EN la España de antes de 1959 -escribió una vez Andrés Trapiello-, todo el mundo, tanto en la ciudad como en el campo, se despertaba con el canto del gallo. No lo recuerdo, pero es posible que así fuera, incluso en Bilbao, o, sobre todo, en Bilbao, donde la estrechez de espacio imponía la contigüidad del caserío y la fábrica. En 1959, según Trapiello, nos volvimos, los españoles, irremediablemente modernos. Pero no nos levantamos convertidos en demócratas con despertador digital.
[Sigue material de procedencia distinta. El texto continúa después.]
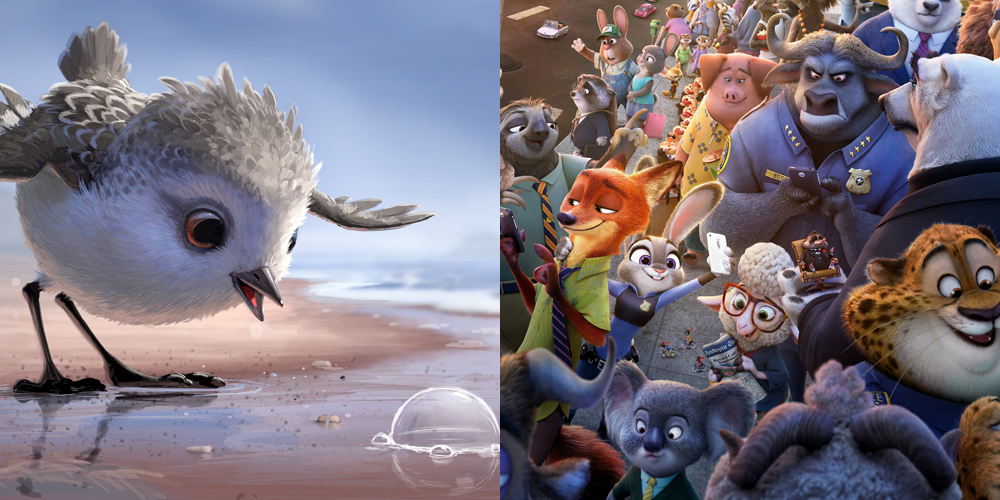 Zootopia' Wins Best Animated Feature at Oscars 2017; 'Piper' Wins Best  Animated Short! | 2017 Oscars, Oscars, Zootopia | Just Jared Jr.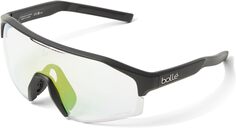 Солнцезащитные очки Lightshifter Bolle, цвет Black Matte/Phantom Clear Green Photochromic
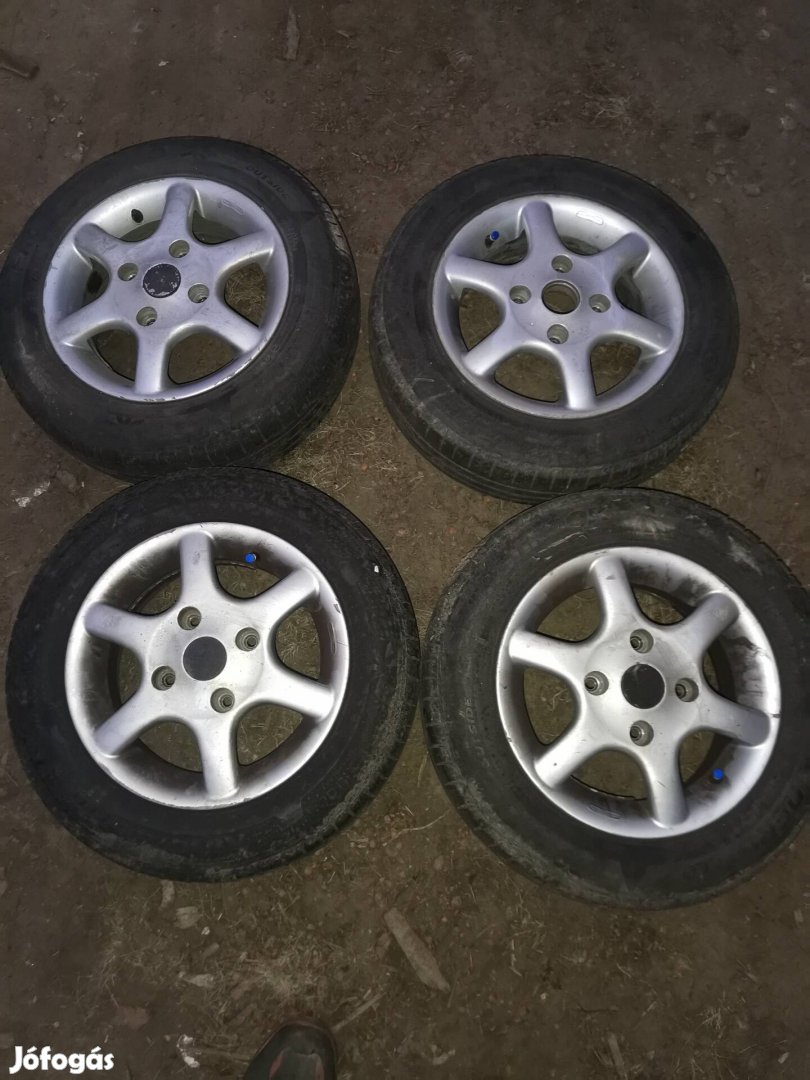 Suzuki alufelni gumikkal 155/70R13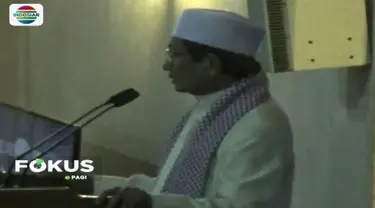 Dalam ceramahnya saat tarawih pertama, Imam Besar Masjid Istiqlal Nasarudin Umar, mengungkapkan jika di bulan suci Ramadan, diharapkan menjadi pereda suasana kebangsaan saat ini.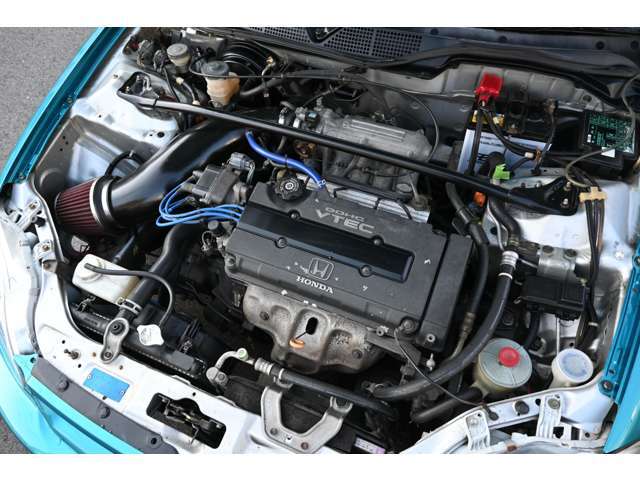 ホンダが生み出した名機B16A☆一度VTECが入ればその快感は病みつきとなってしまうでしょう！！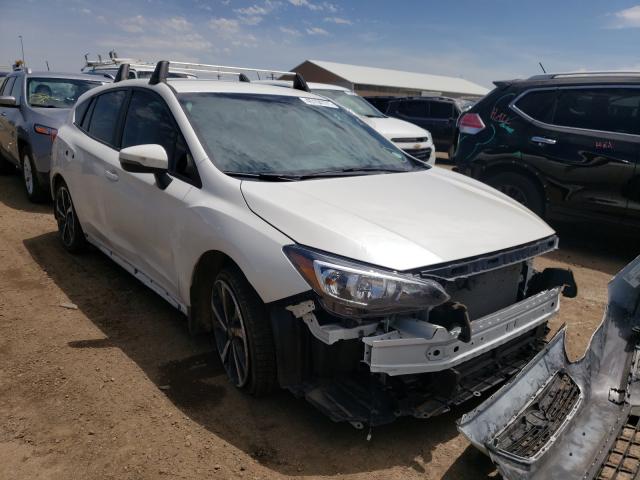 2020 Subaru Impreza Sp  (VIN: 4S3GTAL61L3710054)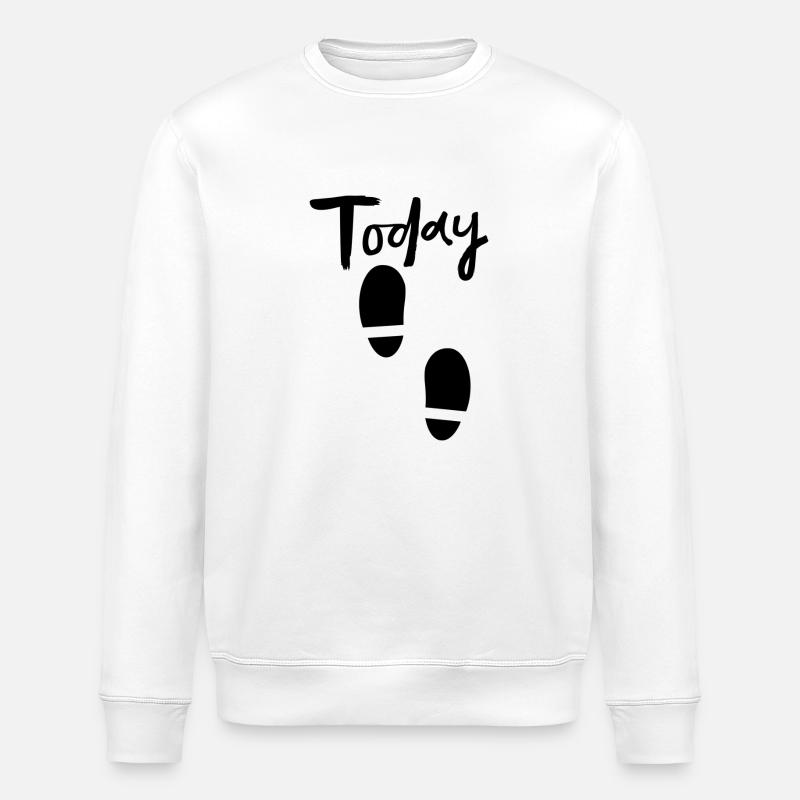 Chic - Sweat bio ROLLER Stanley/Stella Unisexe - blanc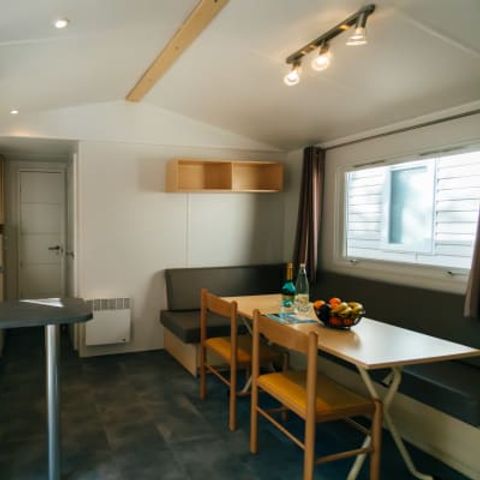 Stacaravan 6 personen - Ruby, 2 slaapkamers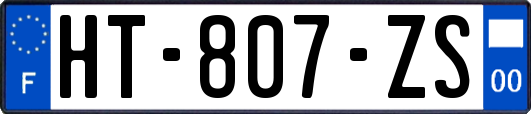 HT-807-ZS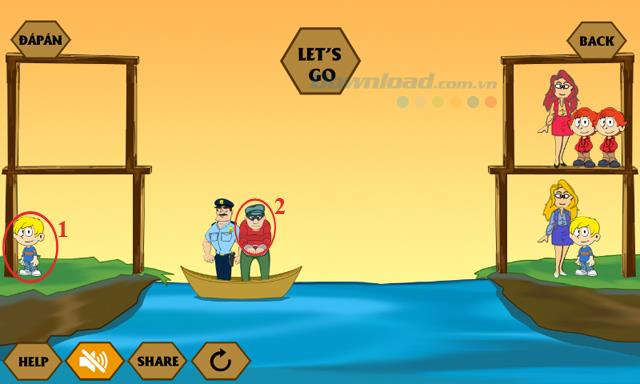 คำตอบเกม IQ River Crossing ล่าสุด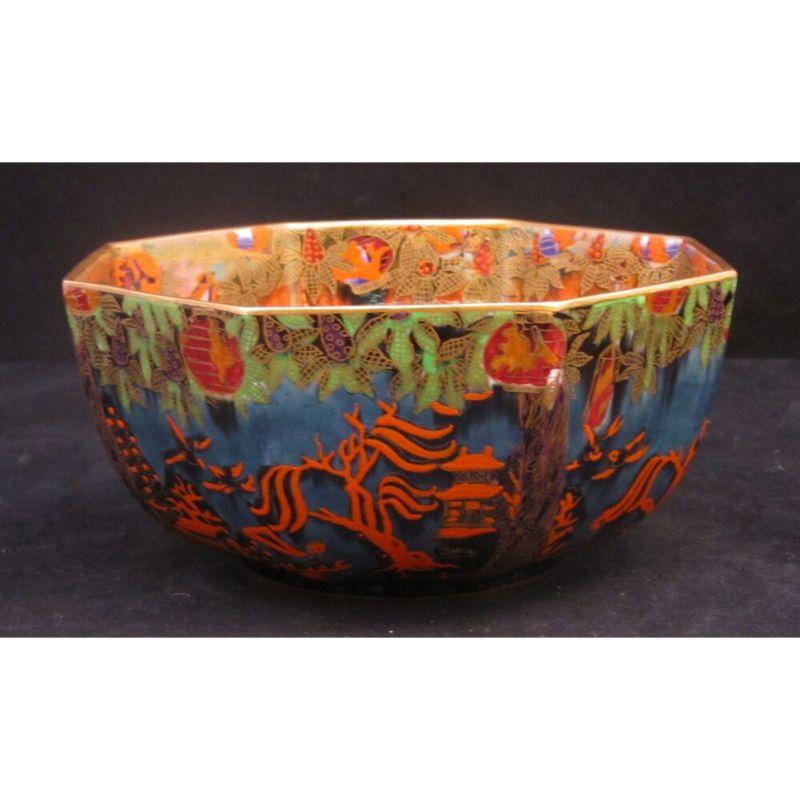 Wedgwood Fairyland Lustre bowl in the Willow design Circa 1920s

Dimensions: 8.5cm high, 18cm wide

Complimentary Insured Postage
14 Day Money Back Guarantee
BADA Member – Buy the Best from the Best.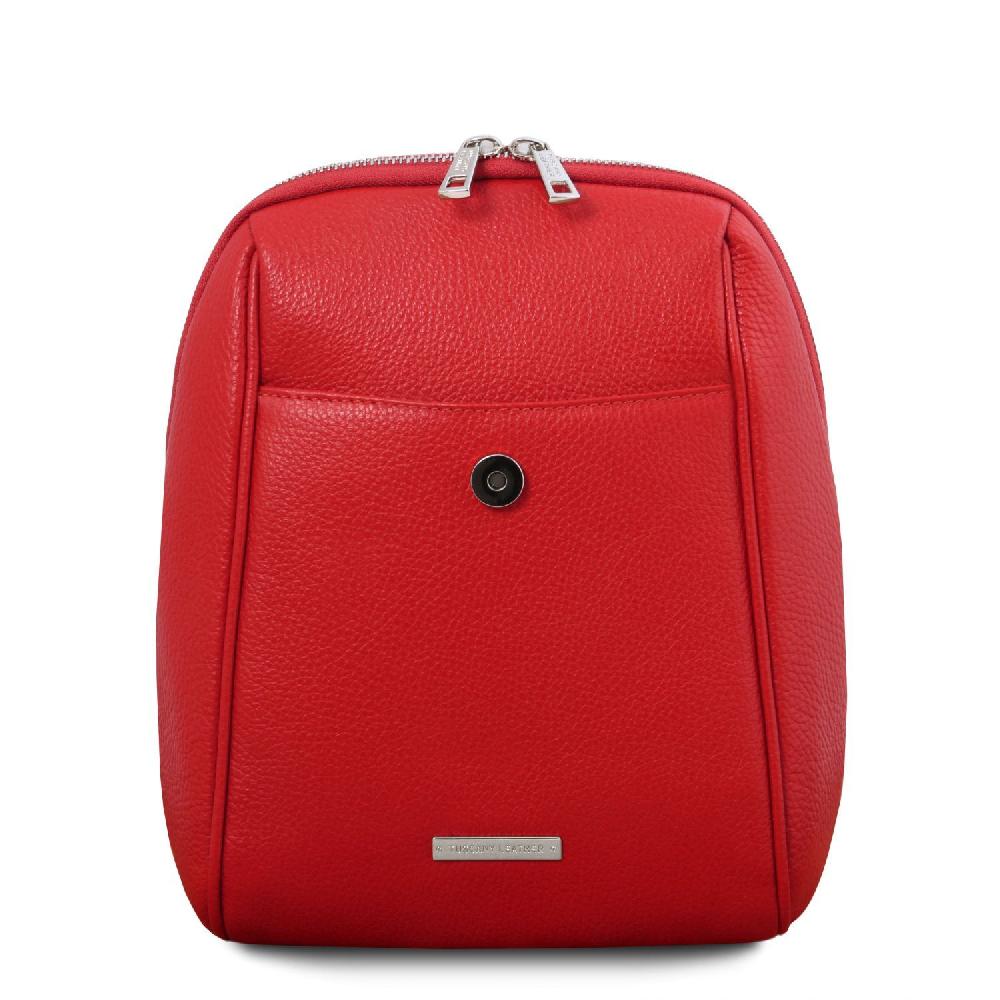 Tuscany Leather Zaino da Donna in Pelle Morbida Saldi Di Fabbrica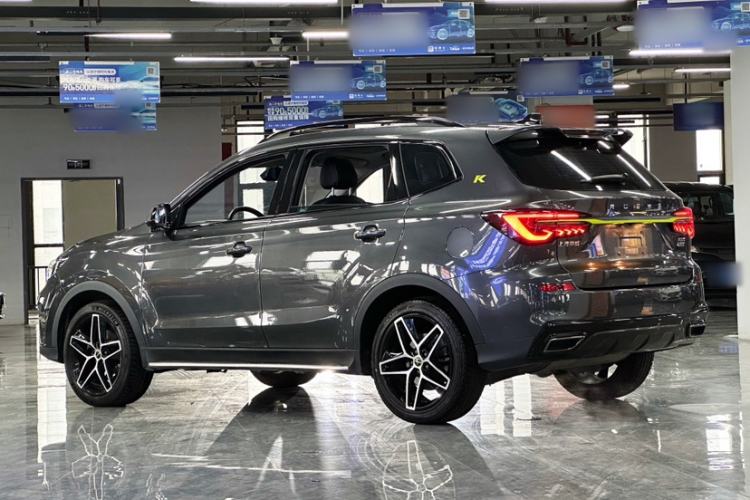 Used Roewe RX5 2021 PLUS 330TGI Automatic National Trend Intelligent Deluxe Edition Exterior 6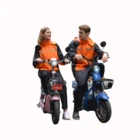 Polyester water assistant 5000mm weatherproof bike rain coat poncho rain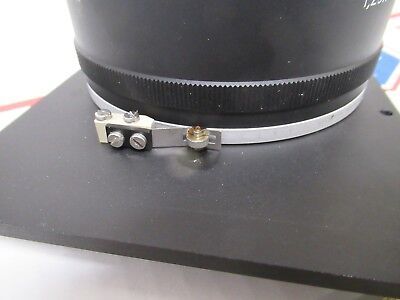 ZEISS AXIOTRON GERMANY MAGNIFICATION CHANGER OPTICS MICROSCOPE PART 4 #FT-3-18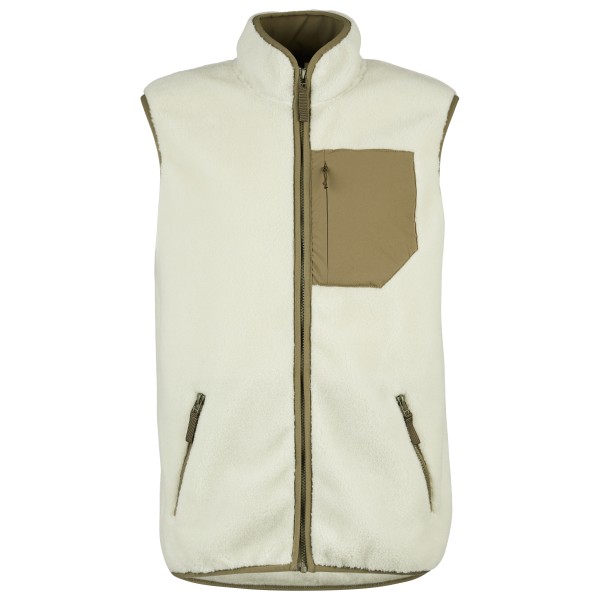 Stoic - MerinoHighPile357 VallsboSt. Vest - Fleeceweste Gr M beige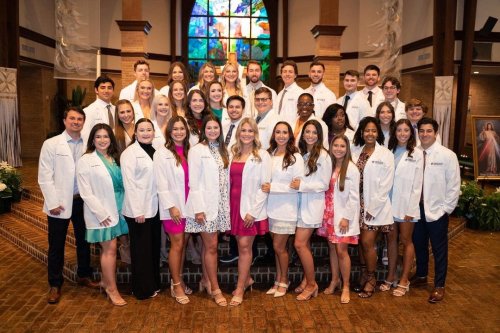 Carousel post from Franciscan Missionaries of Our Lady University.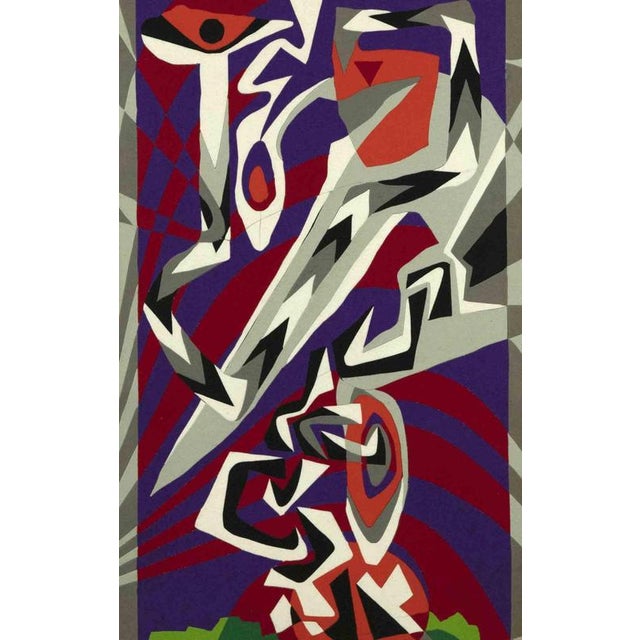 Leo Guida, Metamorphosis, 1975, Oil Painting, Framed For Sale - Image 4 of 4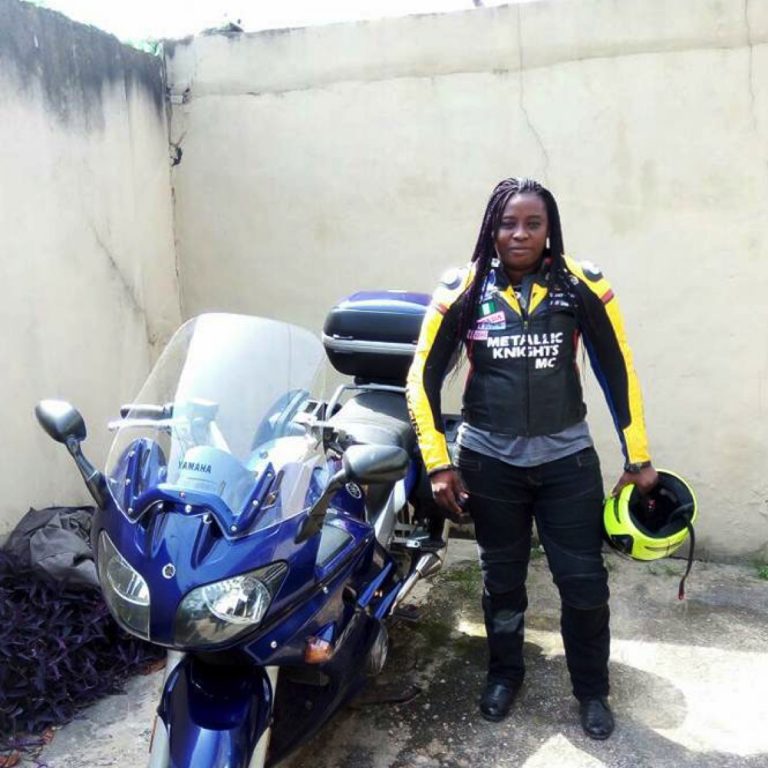 Here are the female bikers that ride to save lives in Nigeria ONE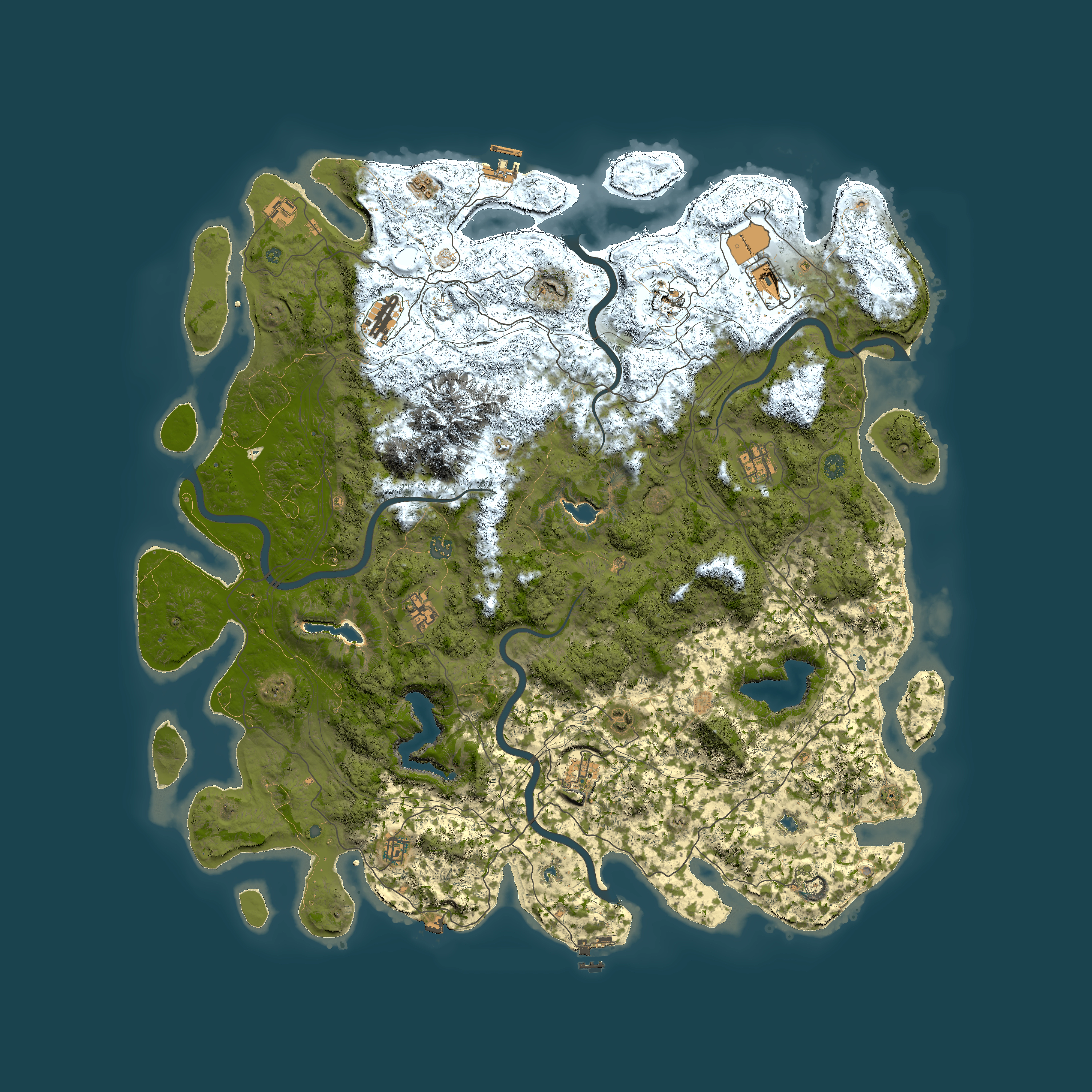 Full top-down render of Rust map seed 1085471317, 5500x5500m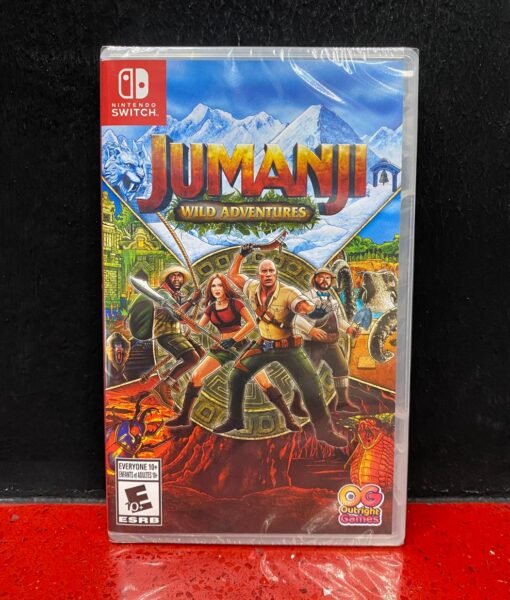 Switch Jumanji Wild Adventures – GameStation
En 1959, hace cincuenta años, en Bilbao, se fundó ETA, y, en ese mismo año de 1959, también en Bilbao, la policía franquista detuvo a un buen número de militantes de Euzko Gaztedi, la organización juvenil del PNV. Entre los jóvenes nacionalistas que se libraron de la redada y consiguieron escapar a Francia, se hallaba Iker Gallastegi, hijo del que fuera fundador de Euzko Gaztedi en 1904, Elías Gallastegui o Eli Gallastegi, Gudari, que lideró el sector independentista más radical del partido hasta la guerra civil, cuando su actitud contraria a tomar parte en una bronca ajena (entre españoles, o sea, maketos) le enajenó las simpatías de sus propios seguidores.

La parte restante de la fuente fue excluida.